第十一日,连国下了天成元年的最后一场雪,明明已经是初春了,雪却下得很大,纷纷扬扬的,我推了坐在轮椅上面的顾朗到廊下看雪,看着看着,他突然微微笑了起来。
我正低头为他擦手,听到动静,不由地抬眼看他,“你笑什么?”
他浓睫如扇,看我一眼,颜色较常人偏浅的眸子里绽过一丝笑意,他轻声道,“丫头,还记得我们十岁那年,大雪天里偷偷溜出府去玩么?”
我眼睛一亮,立刻点头,“记得!”
十岁那年,连国下了有史以来最大的一场雪,恰逢当时先帝身子不适,连早朝都暂停了几日,爷爷特许我们也休学几天,那几日里,我不必再陪着连夜。
顾朗贪玩,不知道打哪儿听说了城西的玉山雪景壮观,他勾着我和他一起去玩。
我也贪玩,两个人一拍即合,风风火火地就上路了,一路上二人兴致极高,景色也确实很是不错,顾朗说我们要爬到山顶折一朵玉山特产的野花拿回去送给爷爷,我觉得这个主意不错,就和他手拉手地往山顶走。
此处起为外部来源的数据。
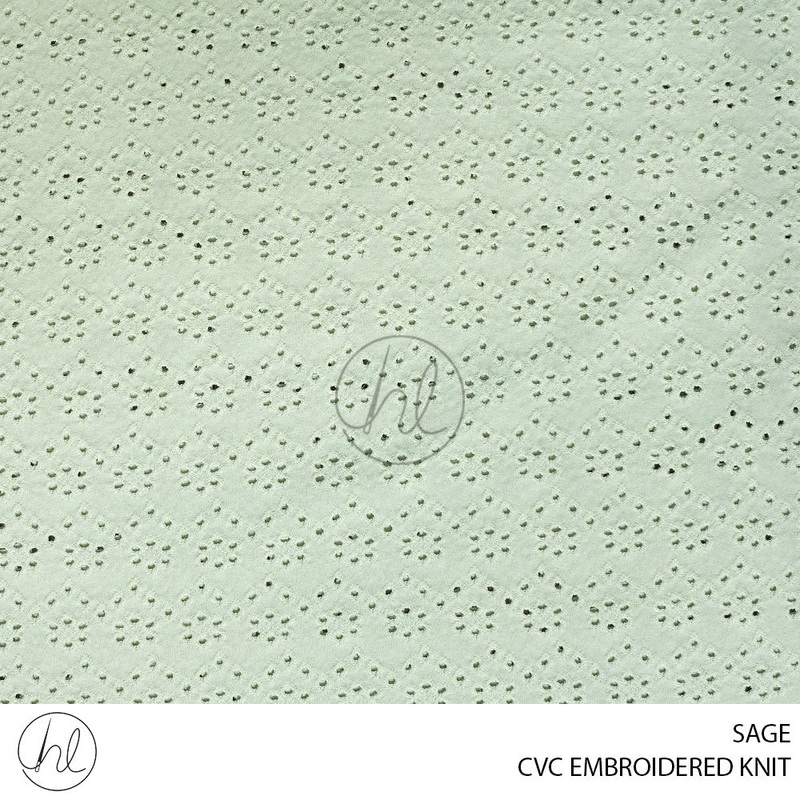 CVC EMBROIDERED KNIT 51 SAGE 150CM PER M
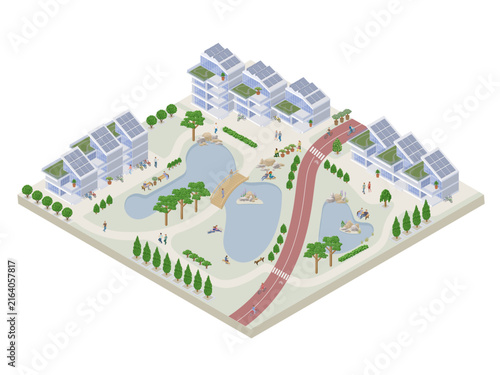 isometric eco townhouses surrounding a park with ponds and cyclist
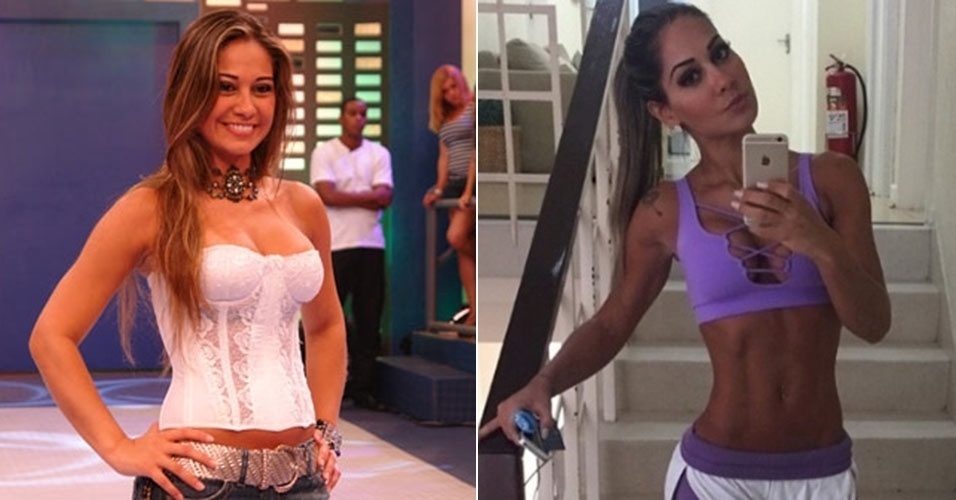 Antes e depois - Mayra Cardi na época em que participou do "BBB9", em 2009 - com o corpo mais curvilíneo - e um imagem atual de Mayra com o corpo mais seco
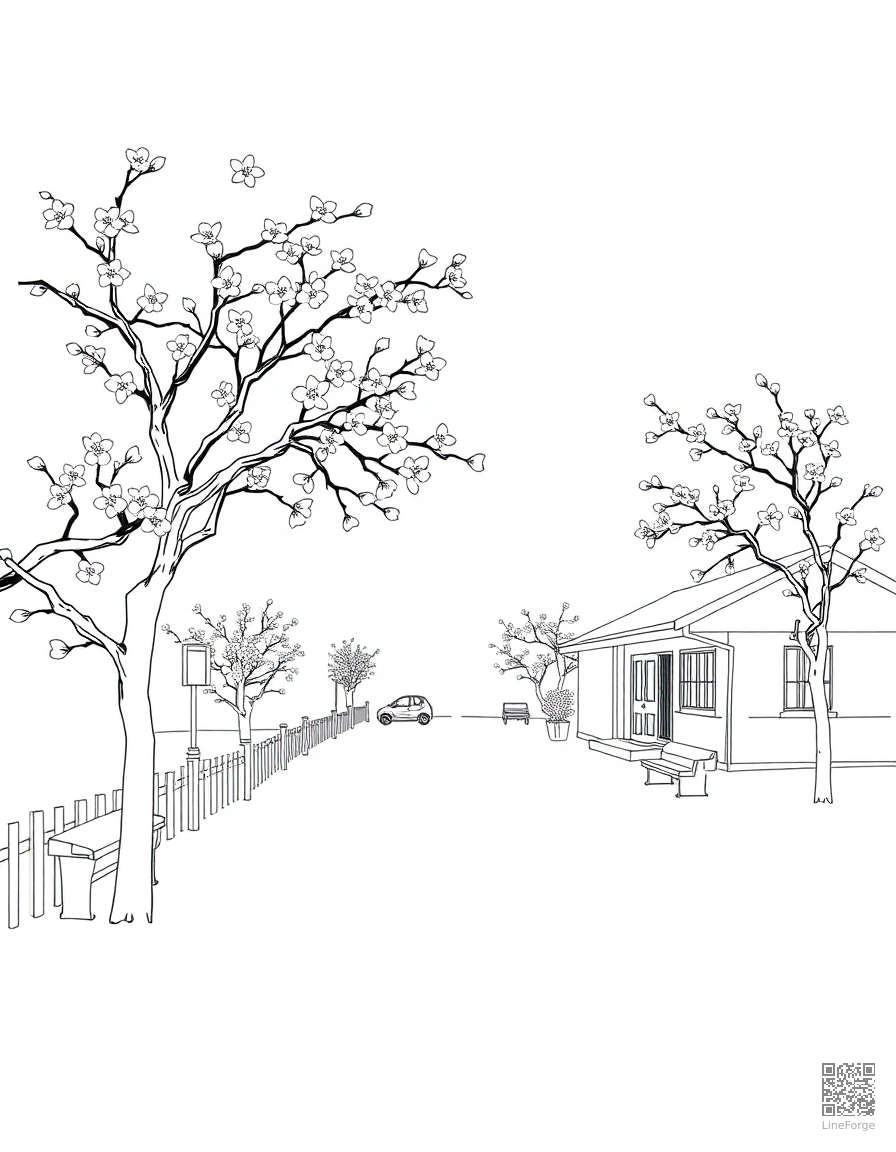 anime style cherry blossom school scene coloring page Minimal style - free printable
却不料,上山容易,下山难,摘到野花走到半山腰时,遇到了雪崩。
我和顾朗毫不意外地被压在了雪堆之下。
爷爷派出的人找到我们的时候,已经是第二天的下午了,那个时候,我已然冻得快要麻木,意识游离,浑身僵硬,只隐隐约约觉得,自己像是被一个人死死抱着,前来救援的人,费了好大的力,又是用火堆烤,又是用暖炉烘,许久之后,终于把我们两个分开……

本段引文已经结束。